Complete step by step solution:

Let the two plates be parallel be each other each carrying a surface charge density

+ σ

and

- σ

respectively.

A

is the area of the plates and

d

is the separation between them.
The electric field of a thin charged plate is given by

E = \frac{σ}{2 ϵ_{0}}

and is directed normally outwards from the plate. The total electric field between the two plates is given as

\begin{aligned} \vec{E} = {\vec{E}}_{A} + {\vec{E}}_{B} \\ \vec{E} = \frac{+ σ}{2 ϵ_{0}} (+ \hat{x}) + \frac{- σ}{2 ϵ_{0}} (- \hat{x}) = \frac{σ}{ϵ_{0}} \hat{x} \\ E = | \vec{E} | = \frac{σ}{ϵ_{0}} = \frac{Q / A}{ϵ_{0}} = \frac{Q}{A ϵ_{0}} \end{aligned}

The potential difference between the two plates is

V = E \times d = \frac{Q d}{A ϵ_{0}}

The capacitance is

C = \frac{Q}{V} = \frac{A ϵ_{0}}{d}

Additional information: If a dielectric is introduced between the two plates, then the capacitance of the arrangement will increase

k

times where

k

is the dielectric constant of the medium. Capacitors are used to store charge and energy.
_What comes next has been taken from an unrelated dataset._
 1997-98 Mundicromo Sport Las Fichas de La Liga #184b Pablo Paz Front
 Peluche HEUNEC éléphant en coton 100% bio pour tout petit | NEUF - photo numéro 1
They are used in digital circuits to store and restore information in case of power failure. They are used to supply pulsed power in particle accelerators and fusion research. They are also used as components in oscillators.

Note: If both the plates carry the same charge (either both positive or both negative), then the net electric field between them will be zero.